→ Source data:
*****

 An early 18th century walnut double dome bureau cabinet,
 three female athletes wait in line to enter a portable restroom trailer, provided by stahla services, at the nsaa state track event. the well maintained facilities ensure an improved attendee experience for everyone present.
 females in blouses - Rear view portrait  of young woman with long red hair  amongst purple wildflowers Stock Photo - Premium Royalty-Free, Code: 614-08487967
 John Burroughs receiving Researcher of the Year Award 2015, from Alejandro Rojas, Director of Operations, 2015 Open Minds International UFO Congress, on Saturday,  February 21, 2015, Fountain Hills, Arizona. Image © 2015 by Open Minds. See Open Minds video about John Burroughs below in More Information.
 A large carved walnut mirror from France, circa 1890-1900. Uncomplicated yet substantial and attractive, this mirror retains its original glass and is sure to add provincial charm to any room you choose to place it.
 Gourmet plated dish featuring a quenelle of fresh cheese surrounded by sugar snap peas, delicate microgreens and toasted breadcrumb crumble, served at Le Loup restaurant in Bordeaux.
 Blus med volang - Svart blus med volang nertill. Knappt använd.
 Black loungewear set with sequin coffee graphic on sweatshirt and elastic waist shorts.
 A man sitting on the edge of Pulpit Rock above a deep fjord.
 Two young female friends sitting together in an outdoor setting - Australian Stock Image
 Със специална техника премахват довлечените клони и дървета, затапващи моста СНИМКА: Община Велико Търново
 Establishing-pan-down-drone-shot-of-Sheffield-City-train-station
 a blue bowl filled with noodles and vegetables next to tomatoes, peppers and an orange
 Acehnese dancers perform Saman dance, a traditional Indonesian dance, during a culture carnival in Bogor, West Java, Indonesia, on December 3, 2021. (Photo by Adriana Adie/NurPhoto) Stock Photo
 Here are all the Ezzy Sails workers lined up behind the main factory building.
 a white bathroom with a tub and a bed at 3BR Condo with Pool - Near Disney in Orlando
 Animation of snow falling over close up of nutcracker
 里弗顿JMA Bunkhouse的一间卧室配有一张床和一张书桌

*****

→ Task instructions: Looking at the data above, how many lines hold the string "sitting"? Reply with only the number.

→ Solution: 2